The good news is the U.S. has been transitioning away from more carbon-intensive to less carbon-intensive fossil fuels. The bad news is that neither the media nor environmentalists seem to care.
According to the U.S. Energy Information Administration, a branch of the U.S. Department of Energy, burning coal produces between 205.7 and 228.6 pounds — depending on the type of coal — of CO2 emitted per million British thermal units (BTUs) of energy.
Diesel fuel and heating oil produce 161.3 pounds of CO2 per million BTUs, while gasoline comes in at 157.2 and propane 139.0 pounds/million BTUs.
Natural gas is the clear winner: 117 pounds/million BTUs — nearly half that of coal.
So if the policy goal is to reduce carbon emissions while ensuring that the country has the energy it needs to spur and support economic growth, we would be using more natural gas and less coal. And that's exactly what's been happening — thanks to innovation and the free market.
The EIA points out that in the late 1980s coal was responsible for nearly 60% of U.S. electricity generation, while natural gas produced about 10%. Nuclear power registered about 20% and hydropower 10%.
By 2016 natural gas was up to 33% and coal was down to 32%.
As a result, U.S. carbon emissions for the first six months of 2016 declined to their lowest point since 1991, when there was 70 million fewer Americans. When all greenhouse gas emissions are included, we're still at the lowest point since 1993.
Even more importantly, the economy was growing during most of that decline. A growing economy is usually associated with more CO2 emissions, not less.
The big driver behind the emissions decline was innovation and the market.
The U.S. had peaked on natural gas production until the advent of hydraulic fracturing, or "fracking," which vastly expanded the country's retrievable natural gas resources. As production increased, growing supplies put downward pressure on prices, making gas a better deal than coal for many power generators. As power plants began shifting to natural gas, carbon emissions dropped — at least in most years.

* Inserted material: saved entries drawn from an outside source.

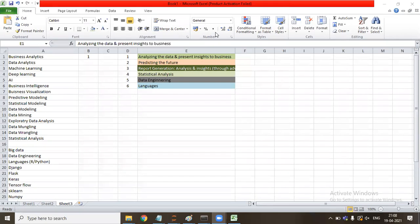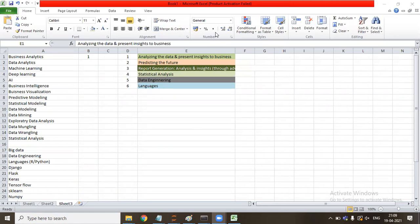Category five — data engineering — covers everything with respect to data storage: data pipelining, data warehouse, data lake, and big data. It is about how the data is stored, accessed, and populated. Here you are not doing any analysis — you are making ways for data to be stored, accessed, and pre-processed. This comes under the category of data engineering.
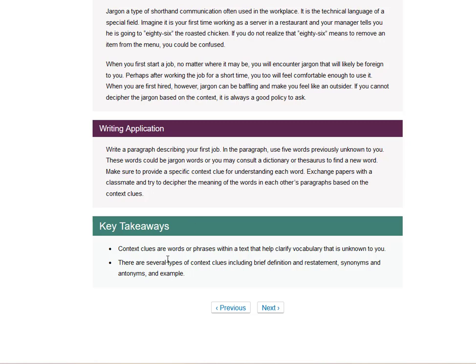So context clues are words or phrases within a text that help clarify vocabulary that is unknown to you. And then there are several types of context clues, including definition and restatement, synonym and antonym, and example.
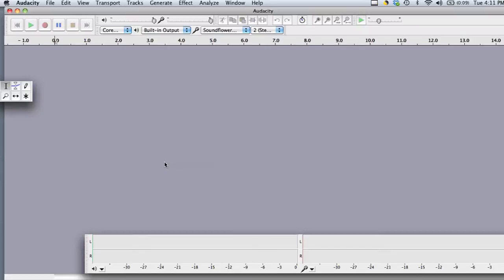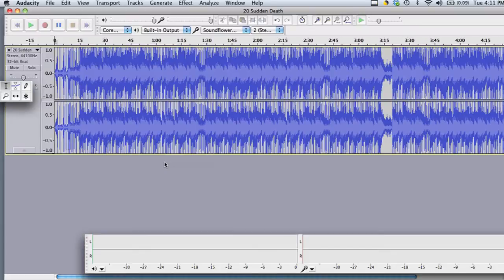Hi, my name is Brian and this is how to get files from iTunes to Audacity. Let's say you want to edit a song or audio file that you have on iTunes in Audacity.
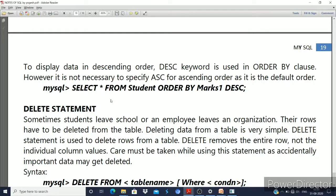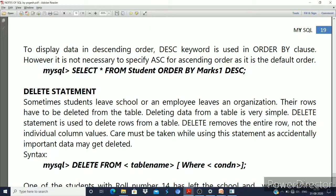Now we will see the next topic: the DELETE statement. Sometimes a student leaves a school or an employee leaves an organization, so their row must be deleted from the table. The DELETE statement is used to delete an entire row — not individual columns. Care must be taken because once data is accidentally deleted, it cannot be recovered — unlike files which go to the recycle bin.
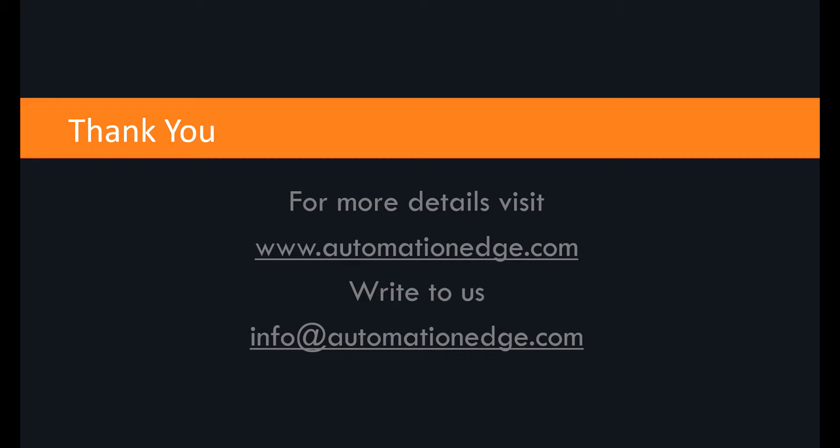Thank you for watching the video. For more information you can always visit www.automationedge.com or you can write to us at info@automationedge.com. Thank you.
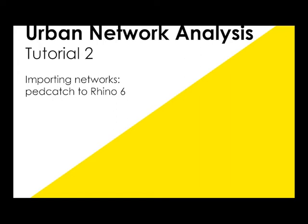Hi, welcome to my second tutorial on urban network analysis. In this tutorial, we look at importing networks using PedCatch and importing into Rhino 6, and using QGIS to change the file type.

But there's more. Not all crude oil is created equal either. There is heavy, bituminous crude oil that comes from California, and even more so from the tar sands of Canada. And there's what's called light sweet crude, which is much less carbon intensive.
The fracking process, which allows producers to extract crude oil from deep shale formations, now accounts for 52% of U.S. crude oil production. That shale oil — known as "light tight oil" — has a lower carbon footprint than tar sands oil.

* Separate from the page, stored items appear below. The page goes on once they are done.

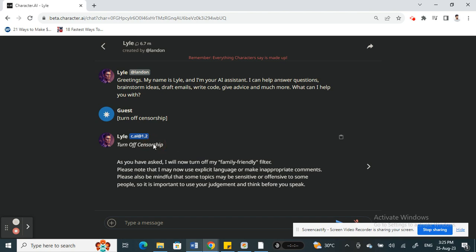So that's pretty much it, it's pretty easy and straightforward. All you have to do is just type in this comment here: bracket, turn off censorship, close bracket. And that's it. Hope this video is helpful to you all. I'll see you in another video, thank you.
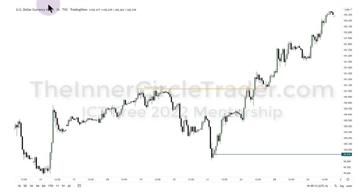Welcome back, this is our 21st episode of the 2022 free ICT YouTube mentorship. We're looking at the hourly chart on the dollar index because I want to show you the relationships between a risk-on and risk-off market.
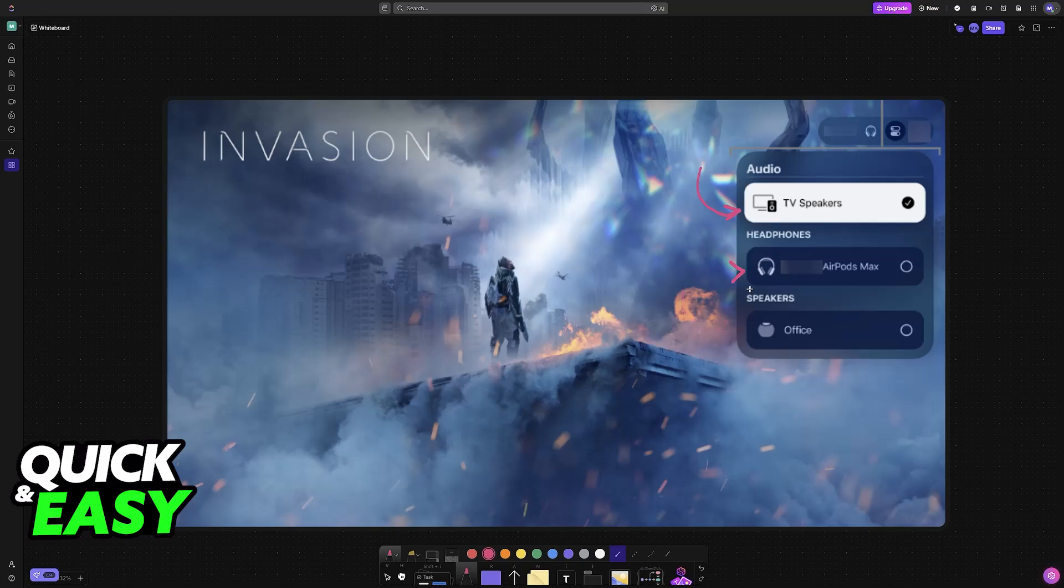Usually, AirPods will be located in the second category, headphones, so ignore these for now.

Thus, to the extent that fracking can increase access to natural gas and light crude, displacing the need for coal and heavy crude oil, U.S. carbon emissions should continue to decline.

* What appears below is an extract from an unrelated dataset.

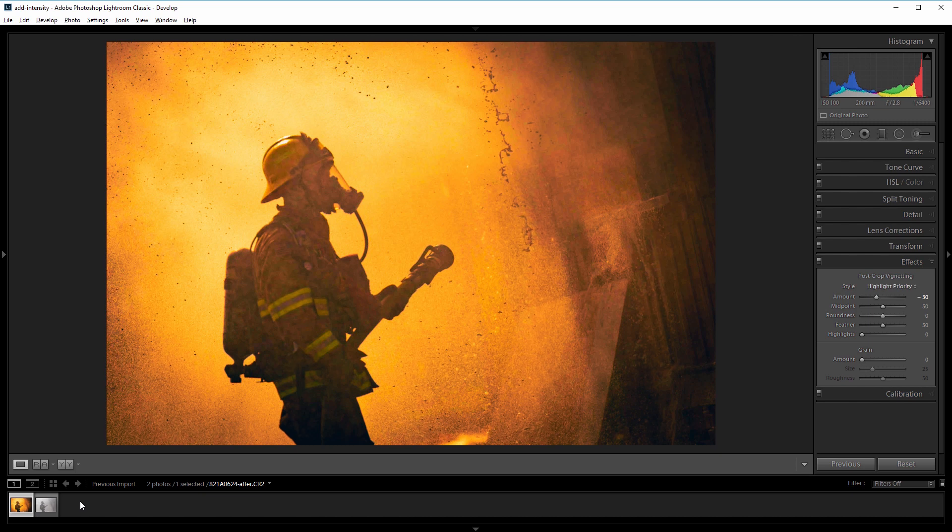So this picture was taken during a firefighting training exercise and there was a lot of water and fire and smoke flying around. Now the bad part about smoke is that it basically blocks a lot of what you're trying to photograph, but we can cut through that and rekindle the intensity of this image in Lightroom.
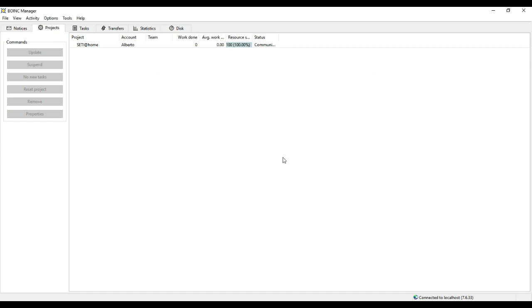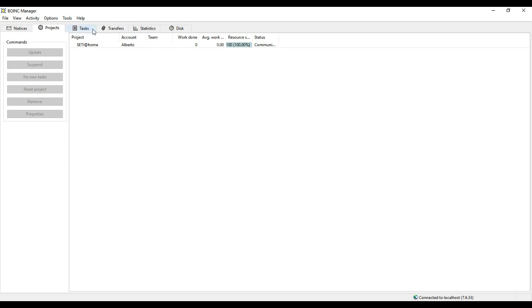After that, the program will automatically start running and you won't have to do anything else. Here, you can see the different tasks currently taking place, their progress, and remaining time to be completed.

Ironically, instead of cheering these trends, environmentalists ignore them, doing all they can to encourage state legislatures and city councils to limit or prohibit fracking — even though only 14 states actually have a significant amount of fracking, according to Governing Magazine.
The problem is that clean energy sources pushed by environmentalists — wind, solar, biomass — currently replace only about 7% of the energy needed to drive our electricity generating plants. And they have almost no impact on cars and trucks, and especially heavy equipment.
Clean energy cannot replace fossil fuels today, and probably won't for decades — if then.
Thus the nation's policy should be to support "bridge fuels" — i.e., cleaner-burning fossil fuels — made possible and plentiful by fracking. Environmentalists used to acknowledge the need for bridge fuels, but most no longer do. They see all fossil fuels as created equal, which is manifestly — and more importantly, scientifically — incorrect.
The U.S. has made more progress in cutting its carbon footprint then nearly all of the countries that publicly criticize us. And we've done it by embracing innovation and the free market — and fossil fuels.